The Death of My Father


(This is being offered as a piece of fiction. Although nothing could be proven this 10 years later, I would not publicly admit to the type of felonious conduct that has no statute of limitations. Let this be what I wished I had done, then, if I had possessed enough courage and enough love. And if you know me at all, well, then you know. )

He looked so small then, laying broken on that hospice bed. He weighed well under 100 pounds, and I could tell which lung had collapsed just by looking. The last time he had moved was 2 weeks ago, when I first stepped into his room fresh off the plane: he sat up and hugged me, and laid back down. That was it. The oxygen mask was laid against the hole in his throat: the Dilaudid pump had been turned up until he stopped frowning.

He hadn't frowned for days.

I took the night shift that night. My chest felt so heavy: my heart felt thick and swollen: and I knew. I remembered all the times over the years he had said, if I ever get like that, please just shoot me. Just shoot me.

I looked down at this man who had beaten and tortured me throughout my youth, this man I had plotted to kill so that he couldn't hurt my brother anymore: this man who was dying slowly and hideously, of cancer. His wife had died 3 months ago, and it broke him. He loved her. He died not knowing how little she loved him, and I will always be grateful for that. I loved him. He was my father.

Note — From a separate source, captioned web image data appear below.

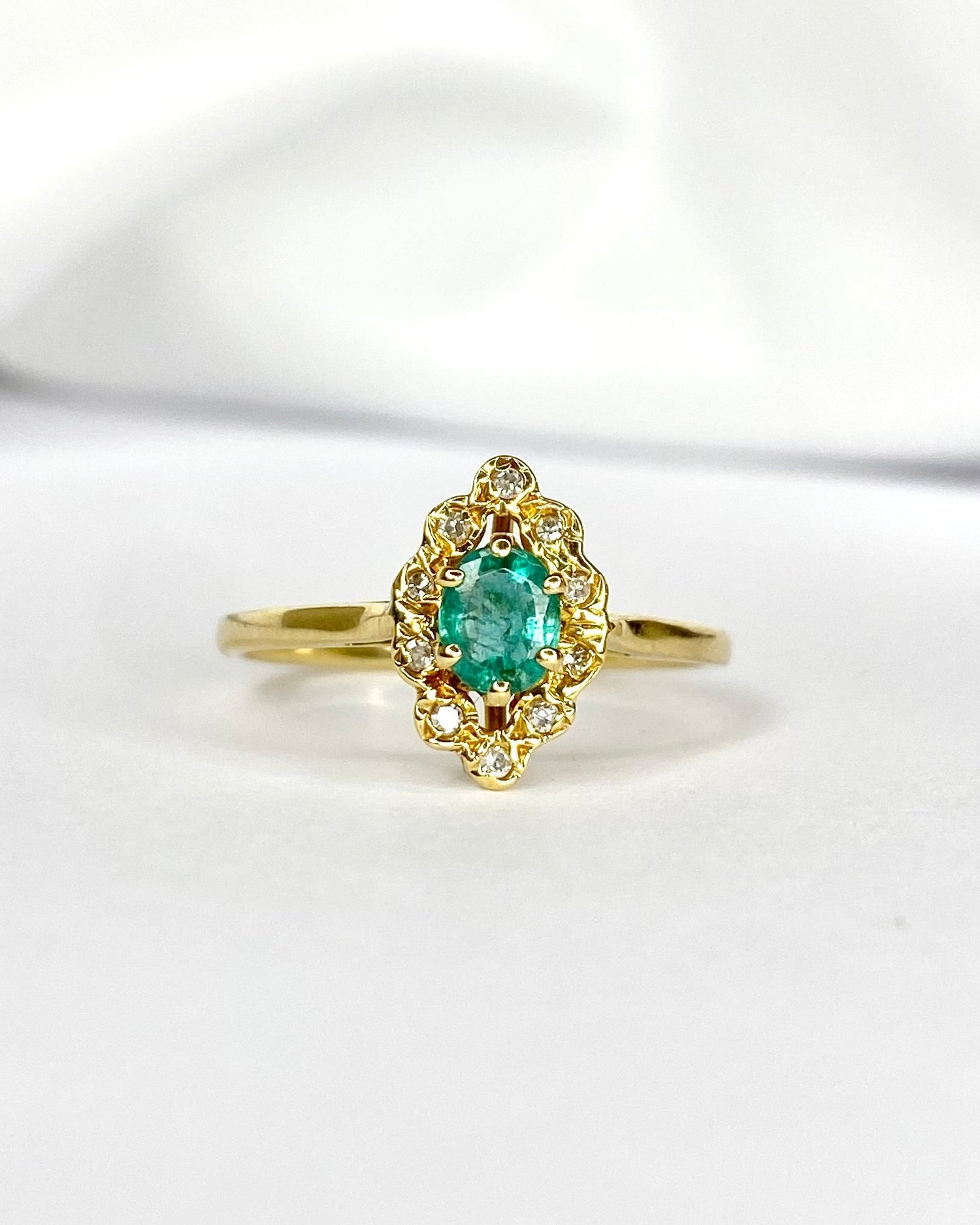 Bague Marquise Émeraude &amp; Diamants "Oxanna" - Elliade Paris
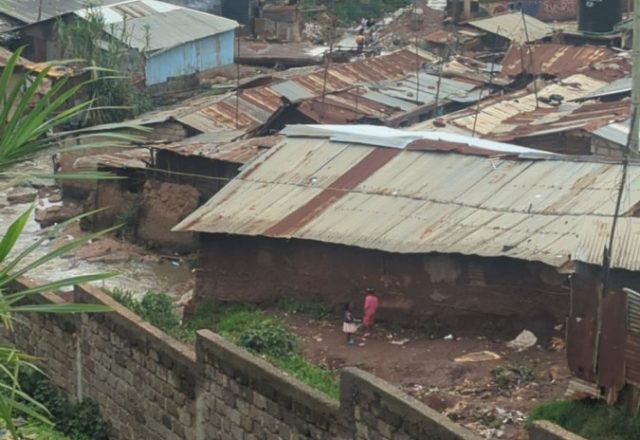 Kenia | Zu Besuch in Kibera – Hinter den Wellblechwänden Nairobis | Beitragsbild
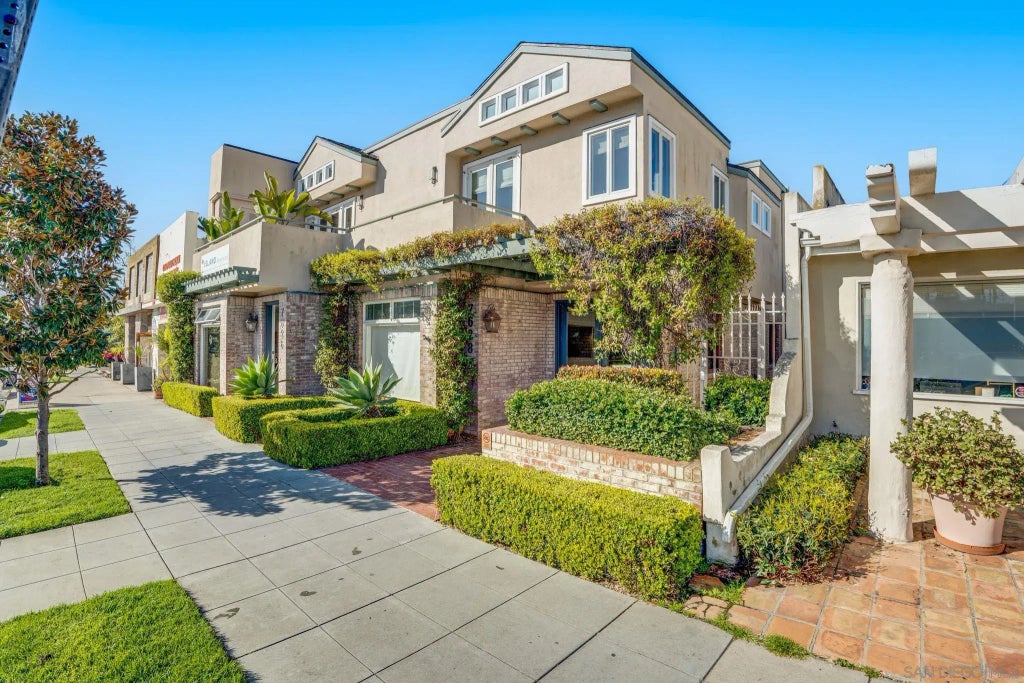 7622 Herschel Ave, La Jolla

I kissed his forehead, and turned down the oxygen: not off, I couldn't stand the thought that he might struggle. But down, way way down. And I sat next to him and read a book. I refused to watch. If he had moved, I don't know if I could have done it: but he let go easy. I looked up an hour later, turned the oxygen back up, and called a nurse. He was dead.

I knew it was what he wanted: I knew he was never going to get better, and that he was in pain, terrible pain: still, it was one of the hardest things I have ever done.

I loved him so much. He was my father.